The idea, which would levy sales tax on most goods bought online, has been tossed around for nearly a decade. A perfect storm of factors, including record state budget deficits, a new Congress and continued e-commerce growth, appear likely to rekindle the issue. Experts say that cash-strapped states view this revenue, estimated to be several billions of dollars, as money left on the table.

“States are coming up with huge deficits and looking for places to make money,” says Eric Menhart, the principal of CyberLaw, a Rockville, Md.-based law firm that concentrates on technology legal issues. “All of a sudden, Internet taxation appears a lot more viable.”

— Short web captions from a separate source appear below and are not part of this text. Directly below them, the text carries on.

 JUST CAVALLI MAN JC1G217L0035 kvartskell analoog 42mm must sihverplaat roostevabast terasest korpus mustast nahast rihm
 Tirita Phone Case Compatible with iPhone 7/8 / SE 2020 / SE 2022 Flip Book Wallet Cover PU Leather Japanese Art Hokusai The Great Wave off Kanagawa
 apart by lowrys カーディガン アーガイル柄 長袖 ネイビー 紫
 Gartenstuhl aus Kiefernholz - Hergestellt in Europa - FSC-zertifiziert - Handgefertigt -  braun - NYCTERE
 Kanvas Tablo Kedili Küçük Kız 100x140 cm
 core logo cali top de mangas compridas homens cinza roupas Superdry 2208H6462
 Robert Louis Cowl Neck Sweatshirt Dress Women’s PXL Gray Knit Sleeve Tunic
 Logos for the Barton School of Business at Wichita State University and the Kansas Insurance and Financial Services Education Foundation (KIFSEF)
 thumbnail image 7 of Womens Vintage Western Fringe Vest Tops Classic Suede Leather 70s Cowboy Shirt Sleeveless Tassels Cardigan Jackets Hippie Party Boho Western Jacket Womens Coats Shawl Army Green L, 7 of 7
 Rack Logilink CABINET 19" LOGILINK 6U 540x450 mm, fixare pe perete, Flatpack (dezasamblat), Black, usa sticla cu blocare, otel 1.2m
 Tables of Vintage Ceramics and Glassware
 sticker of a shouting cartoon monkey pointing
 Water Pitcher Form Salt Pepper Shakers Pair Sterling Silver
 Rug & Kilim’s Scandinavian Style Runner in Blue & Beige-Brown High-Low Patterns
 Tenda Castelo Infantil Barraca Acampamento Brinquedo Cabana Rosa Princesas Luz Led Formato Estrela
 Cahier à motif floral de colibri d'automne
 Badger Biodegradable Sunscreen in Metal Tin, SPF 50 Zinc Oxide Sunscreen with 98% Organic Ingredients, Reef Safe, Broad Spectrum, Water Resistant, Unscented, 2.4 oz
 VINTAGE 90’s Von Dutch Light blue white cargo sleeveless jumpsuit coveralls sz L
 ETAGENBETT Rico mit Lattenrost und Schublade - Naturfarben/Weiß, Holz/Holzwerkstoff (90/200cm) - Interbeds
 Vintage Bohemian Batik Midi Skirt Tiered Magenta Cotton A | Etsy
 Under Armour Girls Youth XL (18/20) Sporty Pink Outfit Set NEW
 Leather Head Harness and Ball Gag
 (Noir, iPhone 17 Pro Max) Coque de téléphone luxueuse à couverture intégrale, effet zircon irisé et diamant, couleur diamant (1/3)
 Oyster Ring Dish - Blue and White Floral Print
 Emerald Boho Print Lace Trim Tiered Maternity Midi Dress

Spotting an opportunity, legislators and other proponents of Internet taxation are renewing their efforts. Scott Peterson, executive director of the Streamlined Sales Tax Governing Board, a group that oversees states’ efforts to simplify and modernize sales tax issues, says legislators from Florida, Illinois, Massachusetts, Texas and Virginia, among others, have recently contacted him about the issue.

The plan: to reintroduce legislation as early as January when the new Congress takes office. The legislative route is necessary because the Supreme Court ruled in the 1990s that states can’t require out-of-state retailers to collect sales tax on online sales. Proponents believe that making their case to Congress would be faster and more practical than wending their way through the courts.